This is a list of the ten stories that most caught our readers’ attention this year.
Our most popular news story of the year hinged on an obscure bit of biology we had never covered before. Every cell in the body contains proteins called ‘purinergic receptors’ that are indirectly controlled by mitochondria, the energy-producing structures in the cell. Robert Naviaux and his colleagues at the University of California, San Diego reported that suramin, a century-old drug that acts on purinergic receptors, improves social behaviors and motor coordination in a popular mouse model of autism. Naviaux declined to talk to SFARI.org about the study’s details, saying that he was “very concerned that our work is being oversold.” Given the popularity of this news story, he may have been right.
This article, based on the largest study to date of this kind, reported that women who have children with autism are more likely to carry certain immune molecules in their bloodstream than are mothers of typical children. Other studies have shown that these immune molecules target proteins found in the fetal brain. The article’s popularity reflects both the prevalence and mysteriousness of autoimmune diseases, and the hopeful yet unsettling possibility that autism risk could someday be identified before a woman even becomes pregnant.
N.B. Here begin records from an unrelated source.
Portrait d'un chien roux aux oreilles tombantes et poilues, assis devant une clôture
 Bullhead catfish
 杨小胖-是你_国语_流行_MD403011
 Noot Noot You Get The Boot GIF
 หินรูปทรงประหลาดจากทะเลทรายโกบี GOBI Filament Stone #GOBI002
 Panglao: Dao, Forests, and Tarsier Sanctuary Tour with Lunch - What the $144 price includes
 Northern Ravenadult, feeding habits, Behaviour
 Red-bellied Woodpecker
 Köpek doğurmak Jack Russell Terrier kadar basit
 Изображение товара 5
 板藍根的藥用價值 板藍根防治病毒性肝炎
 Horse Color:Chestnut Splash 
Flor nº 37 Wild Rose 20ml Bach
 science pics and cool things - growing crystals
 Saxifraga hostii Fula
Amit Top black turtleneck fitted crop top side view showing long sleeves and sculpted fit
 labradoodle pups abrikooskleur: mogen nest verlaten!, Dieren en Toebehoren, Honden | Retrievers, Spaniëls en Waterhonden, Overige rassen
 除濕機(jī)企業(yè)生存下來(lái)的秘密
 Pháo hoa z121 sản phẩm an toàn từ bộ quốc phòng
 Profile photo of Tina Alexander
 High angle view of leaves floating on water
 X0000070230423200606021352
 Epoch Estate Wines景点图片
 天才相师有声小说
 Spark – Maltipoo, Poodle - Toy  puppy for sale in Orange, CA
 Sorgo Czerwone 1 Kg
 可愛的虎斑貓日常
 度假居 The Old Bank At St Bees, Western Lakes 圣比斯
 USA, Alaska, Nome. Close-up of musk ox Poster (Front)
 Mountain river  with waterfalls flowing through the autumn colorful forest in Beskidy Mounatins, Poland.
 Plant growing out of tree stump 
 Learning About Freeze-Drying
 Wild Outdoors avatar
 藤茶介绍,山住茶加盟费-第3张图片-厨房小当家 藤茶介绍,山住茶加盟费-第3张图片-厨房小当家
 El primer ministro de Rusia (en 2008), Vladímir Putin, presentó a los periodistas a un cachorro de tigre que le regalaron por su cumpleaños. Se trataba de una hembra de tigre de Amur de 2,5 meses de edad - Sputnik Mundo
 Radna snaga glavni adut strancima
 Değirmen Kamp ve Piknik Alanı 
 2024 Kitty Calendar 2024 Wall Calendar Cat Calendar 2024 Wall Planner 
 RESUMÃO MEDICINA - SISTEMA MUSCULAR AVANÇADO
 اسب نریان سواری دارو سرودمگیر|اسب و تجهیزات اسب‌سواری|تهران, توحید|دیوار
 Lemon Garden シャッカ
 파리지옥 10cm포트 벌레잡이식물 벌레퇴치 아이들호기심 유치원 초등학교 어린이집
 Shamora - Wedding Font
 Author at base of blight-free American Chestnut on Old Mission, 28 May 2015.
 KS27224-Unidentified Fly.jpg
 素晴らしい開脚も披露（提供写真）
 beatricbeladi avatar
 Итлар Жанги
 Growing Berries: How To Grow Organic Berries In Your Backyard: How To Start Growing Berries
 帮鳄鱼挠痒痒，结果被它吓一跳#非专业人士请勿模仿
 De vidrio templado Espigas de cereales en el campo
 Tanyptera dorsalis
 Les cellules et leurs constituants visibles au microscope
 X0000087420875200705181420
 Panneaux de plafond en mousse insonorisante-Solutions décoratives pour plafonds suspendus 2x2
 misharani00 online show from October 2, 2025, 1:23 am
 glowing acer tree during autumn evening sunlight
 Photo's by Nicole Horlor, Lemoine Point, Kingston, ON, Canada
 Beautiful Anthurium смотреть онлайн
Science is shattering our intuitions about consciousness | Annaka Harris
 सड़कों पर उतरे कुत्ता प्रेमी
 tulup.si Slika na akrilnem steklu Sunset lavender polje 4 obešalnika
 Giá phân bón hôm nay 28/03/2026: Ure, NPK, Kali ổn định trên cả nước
About one-quarter of people with autism speak few or no words. A complete lack of spoken language represents a profound disability, yet relatively little research has addressed this population of individuals or how to help them. This article struck a chord with our readers, and we received many comments expressing relief that researchers are finally beginning to probe the subtleties of nonverbal autism, as well as some anger that this has taken so long to happen.
There’s no better way to understand how autism progresses than to follow the same set of individuals with the disorder over a long period of time. Still, most of our knowledge of autism is based on studies that look at people of different ages with the disorder at a single point in time. For example, there is little understanding of whether most people improve with time, worsen or stay the same. This article pieced together information from several long-term studies that are just beginning to find patterns — for example, that symptoms in the majority of those with the disorder stay consistent, but about 10 percent of people improve dramatically by their mid-teens.
In May, the American Psychiatric Association released the DSM-5, its latest edition of the Diagnostic and Statistical Manual of Mental Disorders. As part of a special report examining the many changes in the new manual, Helen Tager-Flusberg sharply criticized the introduction of a new disorder in the DSM-5 called social communication disorder. This diagnosis is intended to include children who have many of the social deficits that mark autism, but not repetitive behaviors, a key component of autism’s new definition. Tager-Flusberg, who is director of Research on Autism and Developmental Disorders at Boston University, argued that the evidence for this new disorder is flimsy and vague, and that it should never have been included in the DSM-5.
6. Diagnostic tests for autism may miss many girls
Diagnosis eludes many girls with autism, study says
Autism affects both boys and girls, but diagnostic tests are more likely to capture boys with the disorder, according to two stories we ran in 2011 and 2012, respectively. It’s a testament to the topic’s rising importance that both turned up in our most-viewed list for this year. The topic also took center stage at the 2013 International Meeting for Autism Research. It’s unclear whether girls are diagnosed less often because they present less severe symptoms or because the tests are skewed to detect boys’ symptoms. In either case, however, delayed diagnoses prevent these girls from getting the help they need.
Autism’s definition has evolved many times since the 1940s, when the disorder was first described, and each iteration has brought confusion and contention with it. To air the many unanswered questions about what the new manual would mean for researchers, clinicians and families, we created a special report with news, expert opinions — including those of the architects of the new diagnostic criteria for autism — and a roundtable discussion of the DSM-5’s impact. The incisive commentaries from these experts continue to resonate with our readers well after the DSM-5’s launch.
Few rigorous studies have examined whether dietary supplements can help to prevent or treat autism. But, as we reported in March, several studies over the past year explored supplements’ potential as autism treatments and found promising results. Among the candidates: Certain amino acids can treat a rare autism-related metabolic disorder, and pregnant women who take folic acid may lower their risk of having a child with autism. Until more is known, however, researchers urge caution when using unreliably tested supplements.
A large head has been the most well-known physical feature of autism since Leo Kanner’s original description of the disorder. But most studies reporting that people with autism have abnormally large heads have been tainted by biased control samples, according to a provocative study published in May. The following month, another study found that children with autism do tend to have larger heads than their unaffected siblings, but the difference is only about 2 millimeters on average. What’s more, a significant fraction of the children with autism have much smaller heads than their siblings.
In 2011, Benjamin Philpot’s team discovered that a drug related to a class of enzymes called topoisomerases may treat Angelman syndrome, a rare autism-related developmental disorder. This year, Philpot and his colleague Mark Zylka reported in Nature that, in neurons, these enzymes are crucial for the expression of extremely long genes, one-quarter of which are known autism candidates. Intrigued by this unexpected finding, the researchers further uncovered that autism genes in general are three to four times longer than the average gene expressed in neurons. No one knows why long genes might be important in autism, but Zylka outlined several possible explanations in a Viewpoint.